The civil war in Syria got a twist in 2015, when Russia got down into the battlefield in an attempt to ‘end’ ISIS. Syrian President Bashar al-Assad knocked at Russia’s door, beseeching Vladimir Putin to curb the growing menace that al-Qaeda, the Islamist State and the Al-Nusra front were spreading in the state.
Was it possible that when sworn enemy Russia was up to something, America would lag behind? As the World War II ended, US and the Soviet Union fought for clinching the top slot of ‘Super Power’. The cold war ended only when Soviet Union got fragmented in 1991, resulting in America emerging as the World Power. But their glory was short-lived, for the emergence of Putin put Russia in the world map.

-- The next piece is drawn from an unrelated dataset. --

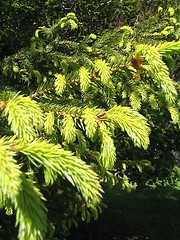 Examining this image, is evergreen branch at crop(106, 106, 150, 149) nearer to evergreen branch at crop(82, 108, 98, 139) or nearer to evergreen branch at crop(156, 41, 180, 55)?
evergreen branch at crop(82, 108, 98, 139)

In 2014, Russian interference in Ukraine had become so blatant that US and Russia almost was on the brink of yet another war. Russia announced of upgrading its artillery by adding 40 long-range nuclear ballistic missiles. NATO countries exhibited high readiness in joint force exercises to tackle an emergency. They never went to war, but the animosity remained. And now with Syria’s growing crisis, the US and Russia have found fertile grounds to test their powers.
US is supporting militant group Al-Nusra in the war against the Syrian President. Washington’s alliance with Al-Nusra echoes America’s former attempts to destabilize governments in Iraq, Libya and Afghanistan. US had supported militant groups in the past to bring down governments in oil-rich countries. If Bashar caves in to the pressure, America will have access to the oil reserves in the country, besides gaining control over the Middle East.
When Russia started bombing ISIS in 2015, the Syrian Free Army base got disrupted too. While the US allies went down, Syria reclaimed a lot of areas that was under both the groups. It’s evident that both Russia and the US are fighting in Syria to settle old scores, but experts say such incessant wars in the name of terrorism can sow seeds for a third World War.
The alliances have given peace-seekers enough reasons to lose sleep over an impending bigger battle, on the scale of a World War. Against Syria are US and their European partners, along with Turkey, Saudi Arabia and Qatar, on Bashar’s side are Russia, Iran and the Hezbollah (from Lebanon).
The situation is Syria is already dividing the world into two camps. Since 2011, the Syrian war has claimed 4 lakh lives, displaced 6.6 million people and over 3 million people have fled to neighbouring countries, seeking refuge. A unified attempt to solve the Syrian problem is the only way to arrest the growing war in the Middle East.